Ingenious Filmmaking and Cinematic Travelogue

The filmmakers behind Influencers seem similarly resourceful about finding beautiful places to visit, though they were likely more legitimate in their methods. The vast majority of the movie appears to be shot on location, providing it a real-world weight that remains even as many scenes consist of a handful of actors of characters staring at computer or phone screens.

It’s the same principle which allowed the James Bond movies look so persistently lavish over the years: Yes, big action and visual effects can show off a big budget, however simply offering a travelogue of sorts to viewers also feels deeply filmic. It’s also particularly appropriate for a story so dependent on the coexisting superficial glamour and desperate hustle involved in producing envy-inducing digital content.

All of the characters in Bali, similar to those staying in Thailand in the first film, seem to have entry to unbelievably stylish modern bungalows; there are movies about lifeguards which don't feature as much aerial pool footage. These individuals must believably occupy these luxurious, remote places to emphasize the uneasy irony of how frequently everyone — even the woman exacting revenge on the influencers’ self-centered phoniness — nonetheless spends plenty of time in the glow of their devices.

Balanced Depictions and Tech-Savvy Tension

At the same time, Harder hasn’t authored a screed against the emptiness of the influencer industry. While it can be satisfying to watch CW exploit different internet celebrities, and a sense reminiscent of Hitchcock of alignment allows us to hope she doesn’t get caught, Harder is relatively sympathetic to the key influencer figures. In the first movie, he tapped into the isolation Madison experienced during supposedly envy-worthy vacations. In this film, the director appears confident that just observing Jacob in action will make it clear that he’s peddling snake-oil masculinity to other doofuses; he avoids caricaturing the character. He even gives Jacob a degree of respect by showing his true devotion to his partner; he is two-faced, yet Ariana is a partner in his hypocrisy, not someone exploited by it.

The other side of Harder’s even-keeled presentation is that it may occasionally seem that he’s nodding at elements of modern online life without investigating them further. This is especially true of the way he introduces artificial intelligence into the plot, a fascinating turn that lacks the psychosexual kick it should have. The pluralized title for the film might give devotees of the original expectations of a larger-scale ante-upping, and the film ultimately delivers exactly that, with an appropriately wild final act. But before that, it resembles more a sleek Hitchcock thriller than a wild-eyed, technology-obsessed Brian De Palma thriller.

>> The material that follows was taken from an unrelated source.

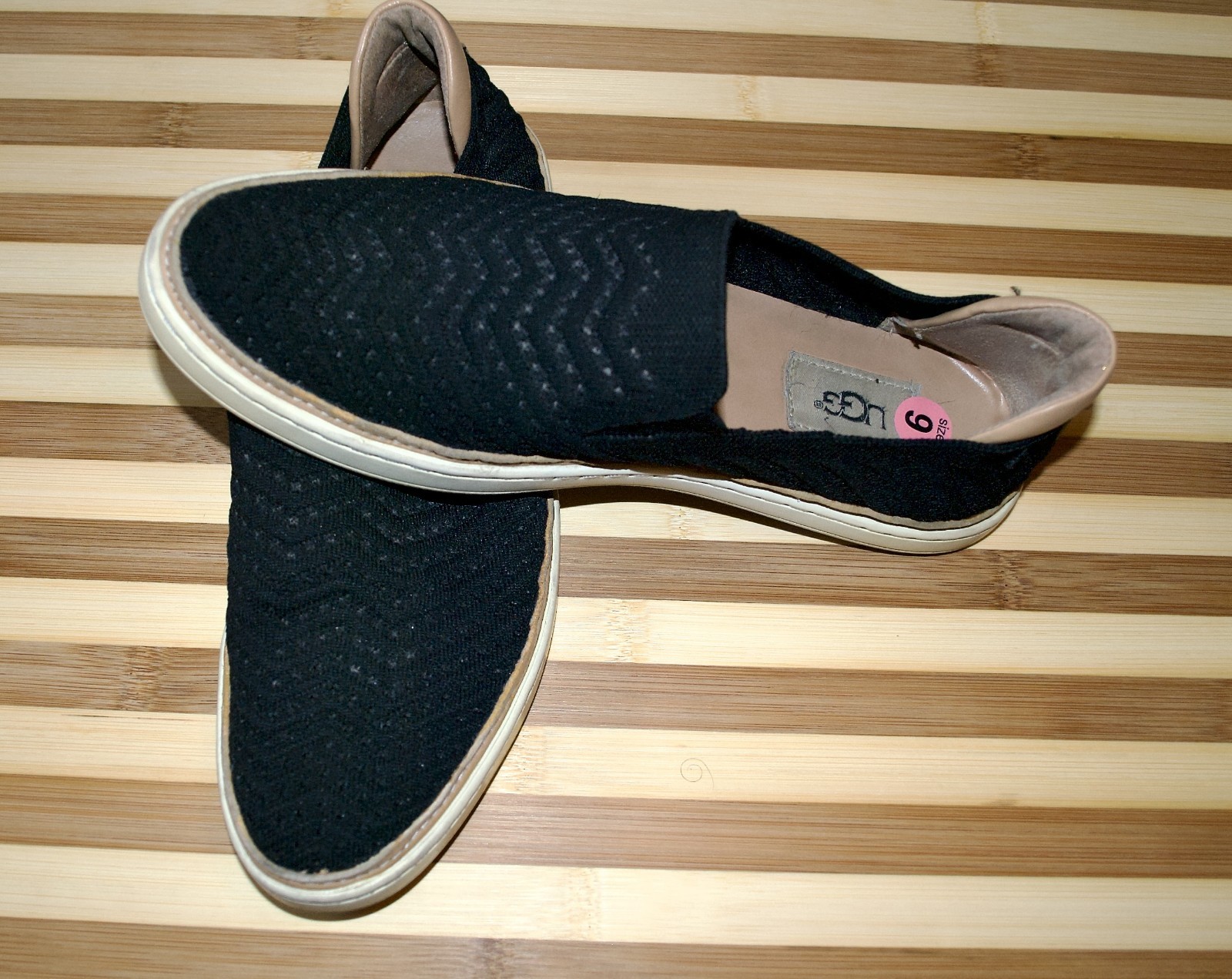 UGG Sammy Chevron Slip-On Sneakers Women’s Size 9 Black Knit Comfort Shoes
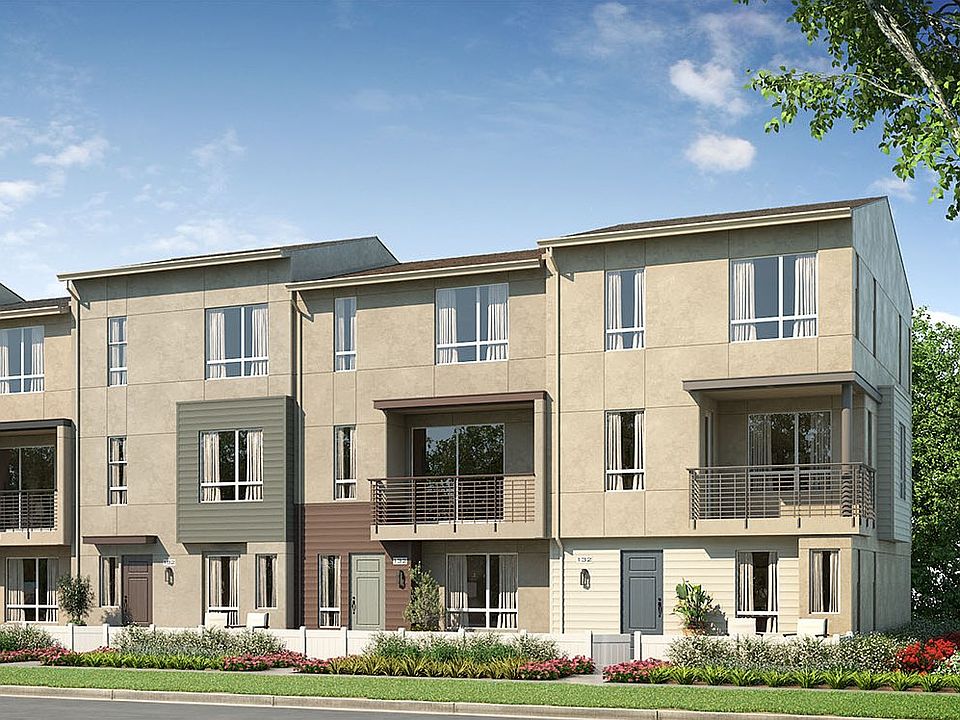 1st image of 20627 Ash St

Influencers’ heavy use of actual places may also be what prevents it from seeming like pure nightmare fuel. Our society might be saturated with always-online creators, online fraud, and exploitative travel, but the world itself is still here, at least for now.

Russell King
Russell King

A digital strategist and tech writer with over a decade of experience in software development and emerging technologies.